Utah's Court Jesters

Meet the mischievous minds behind Saturday’s Voyeur

Utah's Court Jesters
Adam Finkle

Utahns of all economic, religious, ethnic and political stripes can agree: Our state, no matter how much we may love it, is a mighty strange place.

How many times have you opened a newspaper or caught a TV news broadcast and found yourself asking, “The Legislature did what?” “The mayor gave that job to who?” or “That fella did what to that flamingo where?”
 
Utah’s innate, unique proclivities—forged by our rugged Western geography, intensely religious political power structure and a serious xenophobic streak—make for great stories. And in the hands of playwrights Nancy Borgenicht and Allen Nevins, those stories make for inspired satire each summer at Salt Lake Acting Company’s Saturday’s Voyeur.

The production celebrates its 30th birthday this year, and its ribald blend of slapstick comedy, musical interludes and noisy interplay between the audience and the actors is an altogether different kind of theater-going experience. Working from a long-held satirical approach—“afflict the comfortable and comfort the afflicted”—Borgenicht and Nevins create a show from scratch each year that inevitably amuses some, offends others and sells a ton of tickets.

Through the years, Borgenicht and Nevins have skewered the short-lived state “porn czar” and dissected the controversial decision to sell a block of Main Street to the LDS Church.

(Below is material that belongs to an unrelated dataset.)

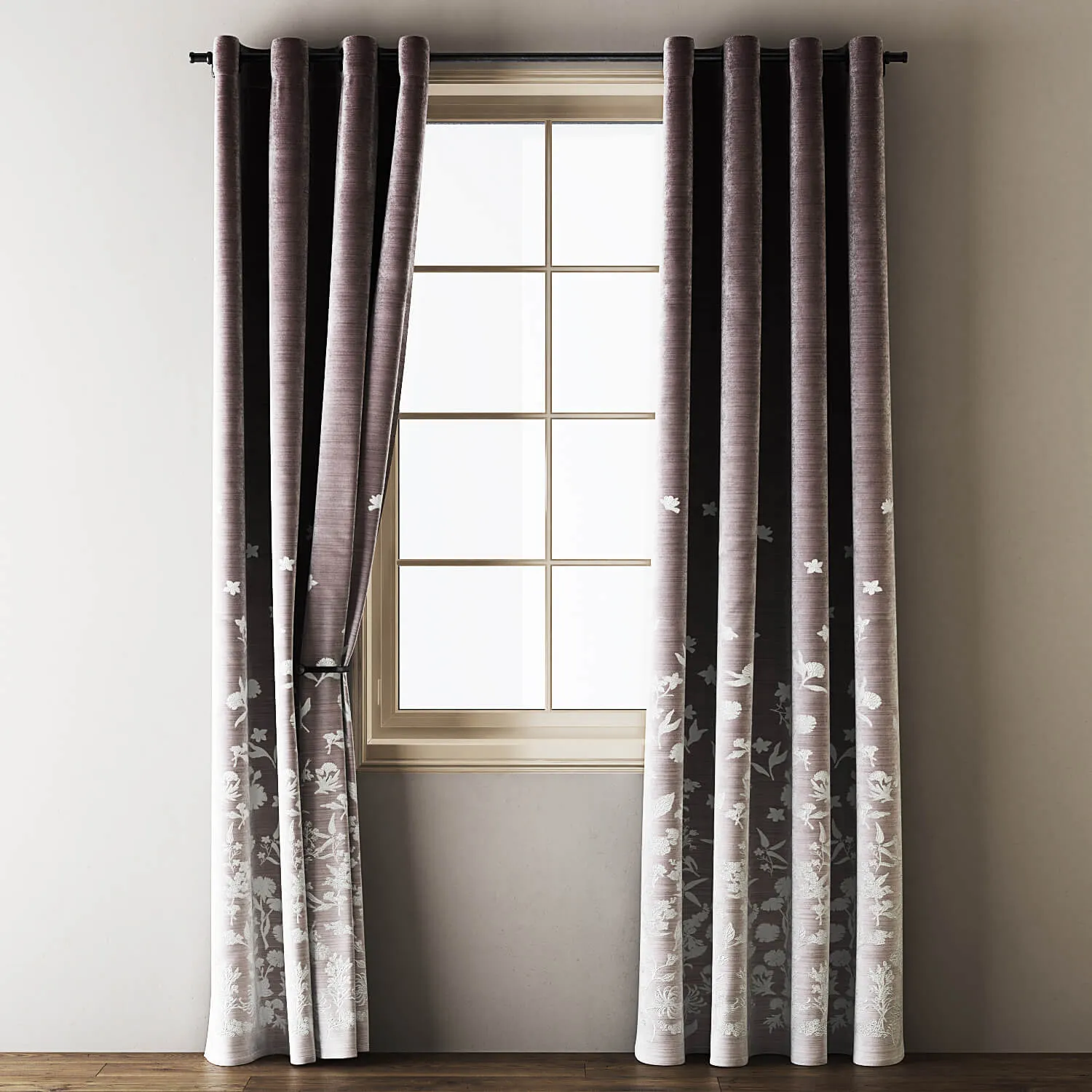 decoration - Floral Embroidered velvet Eyelet curtain 07 3D Model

They built a show around the maddening road construction before the 2002 Winter Olympics, and their own reporting led to the true story—ripe for Voyeur’s style—of ZCMI employees filing nipples off mannequins before public display.

“It really serves a function in the community as a catharsis for a number of people, as a way for us to serve as the court jester and make fun of the dominant culture and whole political situation,” says David Kirk Chambers, SLAC’s managing director.
 
Borgenicht has written Saturday’s Voyeur from the beginning, when the show was better known as a spoof of the popular Mormon musical Saturday’s Warrior than as an annual slap at Utah’s powerful people. Nevins joined as a co-writer in 1990, helping freshen the stories of the over-the-top stereotypical Mormon family that starred in each version of Voyeur until 1996.

That year, the duo ended the show with a portion called “Phatman of the Opera,” a musical skit blending the Enid Greene Waldholtz political scandal and the phenomenon of the touring Phantom of the Opera arriving in Utah for the first time. That bit of experimentation led to the version of Voyeur we know today—an annual look back at some of Utah’s best strange-but-true moments from the previous year.
 
“The radar is up every day,” Borgenicht says of gathering material for the show. “You save stuff all year long, because we have to start [writing] in November. And the thing is cast before it’s written. It’s cast in January, so we have to have some idea of what we’re looking for.”
 
“The difficulty is in trying to predict what has legs,” Nevins adds.

“Studies have shown that our memory, our recall, is only about 30 days or 60 days. For big things! So little things that only got a week’s worth of press, people think, ‘What was that again? Did that happen this year?’”
 
If finding material is a challenge, so is the fact that breaking news at any point during the show’s run can have drastic consequences. What if one of the comedy’s spoofed-upon characters dies in real life? What if there was another terrorist attack the summer after 9/11, during the show’s run?
 
Last year—a musical revue chronicling Rocky Anderson’s two terms as Salt Lake City mayor—one quick-thinking actor added Anderson’s hallway dustup with developer Dell Loy Hansen to the script midway through the show’s run. How could he resist, when his character’s real-life doppelganger was saying things like “I’ll kick your ass!” in front of reporters?
 
Anderson is one of the few public figures to see himself get the full Voyeur treatment in person; Borgenicht says he came five times last year. Former Gov. Mike Leavitt had one of his people check out the show one year when he was in office, but the aide never brought her boss back to see it himself.
 
“The public personalities are used to being public personalities, so we don’t get anything too negative [feedback-wise],” Nevins says. “We did get a real negative comment from [former Salt Lake Mayor] Deedee Corradini one year, when we did a joke about her and Leona Helmsley sharing a jail cell. She did not think that was funny.”
 
No doubt the audience thought it was hilarious. There is certainly a preaching-to-the-choir quality to Voyeur; the audiences are typically made up of politically progressive folks who read the newspaper every day and are looking for a chuckle at the expense of the patriarchal, right-leaning society they find themselves living in.
 
The first time you see Saturday’s Voyeur, it’s hard to believe such an openly anarchic bit of theater is occurring so close to the government and church institutions it’s lampooning so trenchantly. Add the fact that Voyeur is SLAC’s only cabaret-style production of the year—meaning food and drinks (adult beverages included) are allowed in the theater during the show—and you end up with a show that is part comedy, part pep rally for local lefties.
 
“The show’s evolved as the town’s evolved,” Borgenicht says. “The show chronicles our lives, you know? Every year it does, in some way or another.”